Tuesday, February 27, 2007

Aloo Dum(b), and Oil-free



Now, before anyone can indignantly wonder how the versatile aloo (potato) can be dumb, please rest assured that it’s a transferred epithet – I’m the dumb one when it comes to gravies – too lazy for the great South Indian thickener, coconut, that I rarely use, somewhat lazy when it comes to other grinding and processing, and clueless when it comes to shortcuts to achieve the same effect, but this is so simple and seems a handy formula to employ whenever I need a gravy, whatever the vegetable! And what’s more, as the title tells you, it’s oil-free!

I didn’t think I’d make it to this JFI hosted by Vaishali of Happy Burp, but wanted to try my grandmom’s recipe – in my home, and I’m sure in yours as well, certain dishes were made only for the night, certain only for the morning. Well, my grandmom’s night potato recipe was often a light curry of tomato gravy, and her lunch recipe was a heavier curds/yoghurt kurma.

I knew the kurma would take some detecting as my grandmom’s not around now to give me the recipe and I wasn’t too keen on the tomato gravy as I hate how the skins separate from the fruit and roll into long, triangular bits and float in the curry (and I didn’t know the technique to avoid that except to blanch and puree the tomatoes, which I’m not going to do for the love of anyone), so I pretty much told myself I wouldn’t put up anything for Jihva – till I chanced upon this recipe in this little book of Oil-Free Cookery by Satarupa Banerjee (Rupa & Co, 2003).
And what a discovery it was! The smell and look pre-masala-sprinkling brought back memories of that dinner recipe my grandmom would make, and gave me the base for gravies with other vegetables.
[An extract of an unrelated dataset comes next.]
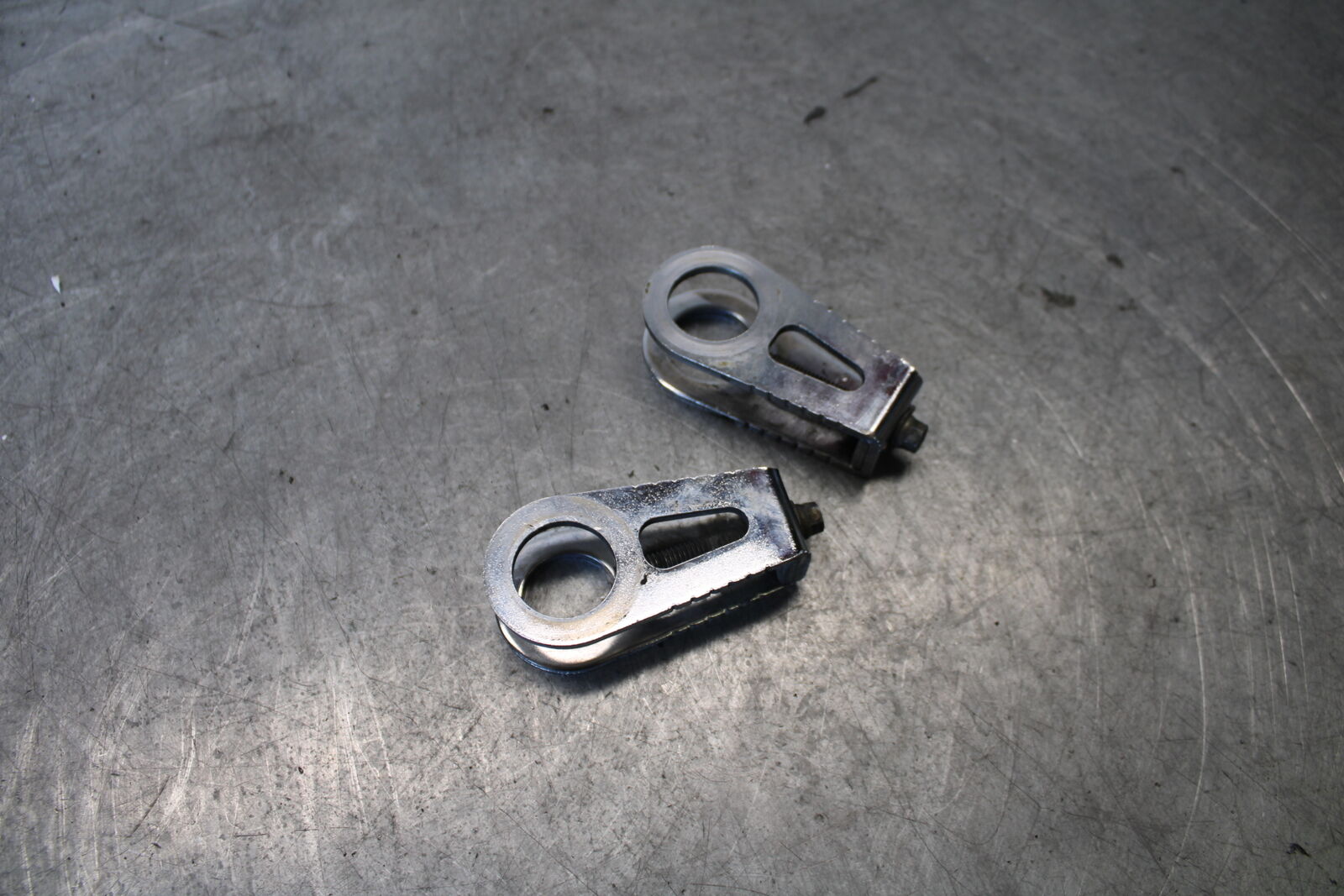 03-04 HONDA CBR600RR SWINGARM CHAIN TENSIONER ADJUSTMENT BRACKETS BB661
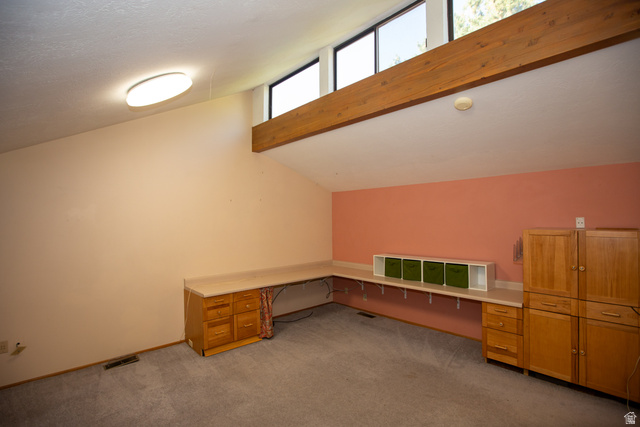 1500 Sumac Drive Logan, UT 84321 - Photo 26 of 42 Vaulted ceiling with clerestory windows and exposed wood beam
Now, about dum aloo – I’ve been scouring the Net for the history of this dish – there are as many recipes as there are potatoes – there’s a Kashmiri version, a Bengali version, a Benarasi version, a Lucknowi version, a Hyderabadi version, and who knows, maybe a Chettinad version as well! (It may then be called urulaikizhangu kulambu, or equally painstakingly in Telugu, bangaaladumpala pulusu/koora – in Telugu, ‘dumpa’ means root/tuber, and I assume the prefix ‘bangaala’ refers to Bengal. Pulusu refers specifically to a tangy gravy and less specifically to a wet dish.)

A friend in school, a Bengali-phile, would always mention this dish. “Aloo dum,” she’d cry, raising her hand enthusiastically, probably when we were discussing favourite foods. All of us in that charming small town of our childhood would stare uncomprehendingly, wondering what on earth it was, and she’d launch into how she was more Bengali than Telugu because her granddad worked in Bengal. The memory, buried deep all these years, comes back to me as I write.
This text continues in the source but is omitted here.